Si cambia registro con “Everglow”, un’ottima ballad al piano sostenuta da percussioni elettroniche. Tuttavia il registro cambia nuovamente ed ecco la vivace “Adventure of a Lifetime”, con il suo funk acceso guidato dal suo ripetitivo e ipnotico passaggio di chitarra. Segue un’altra ballad intensa, forse la più intensa ed emozionante, “Fun” (cantata con la svedese Tove Lo), guidata da chitarre melodiche e sognanti.
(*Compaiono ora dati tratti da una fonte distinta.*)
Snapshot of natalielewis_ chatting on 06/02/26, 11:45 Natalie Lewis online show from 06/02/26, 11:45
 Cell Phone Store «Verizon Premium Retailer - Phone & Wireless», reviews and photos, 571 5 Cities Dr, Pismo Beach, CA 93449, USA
L’intermezzo pianistico “Kaleidoscope” ci guida verso l’incredibile atmosfera di “Army of One”; la scelta del potente suono di un organo, sostenuto da un utilizzo piuttosto ipnotico dell’elettronica, si rivela incredibilmente efficace, quest’organo crea un’atmosfera assolutamente insolita per un brano da classifica; è un suono che coloro che vivono la musica come un semplice svago e non come qualcosa da ascoltare attentamente vedono sempre piuttosto male, lo ridicolizzano, quante volte sentendone suonare uno dicono “ma che è ‘sta roba, siamo in chiesa?”… personalmente mi fanno molto più ridere le fisarmoniche campionate dai dj moderni solo perché va di moda o per far vedere di essere “originali”. In coda al brano vi è pure una traccia fantasma che colpisce con il suo minimalismo elettronico. C’è poi un’altra ballad intensa ed emozionante, “Amazing Day” con quel suo andamento lento e rilassato che ricorda molto “Always in My Head”. Dopo l’intermezzo psichedelico “Colour Spectrum” che riprende l’intro dell’album si chiude con “Up&Up”, l’unico brano forse deludente dell’album, un r’n’b decisamente spento, un sound pacchiano al massimo con una melodia che non si rivela molto coinvolgente, sembra proprio il classico brano che “massì, chissene se la melodia è scadente tanto il sound è da classifica e quindi spaccherà comunque”; unico neo di un disco complessivamente molto buono.

Mi sarebbe piaciuto di più se “Ghost Stories” non fosse stato solo una parentesi sperimentale e avesse invece aperto una nuova fase ma non posso comunque non godere di fronte al pop-rock ben confezionato di quest’album.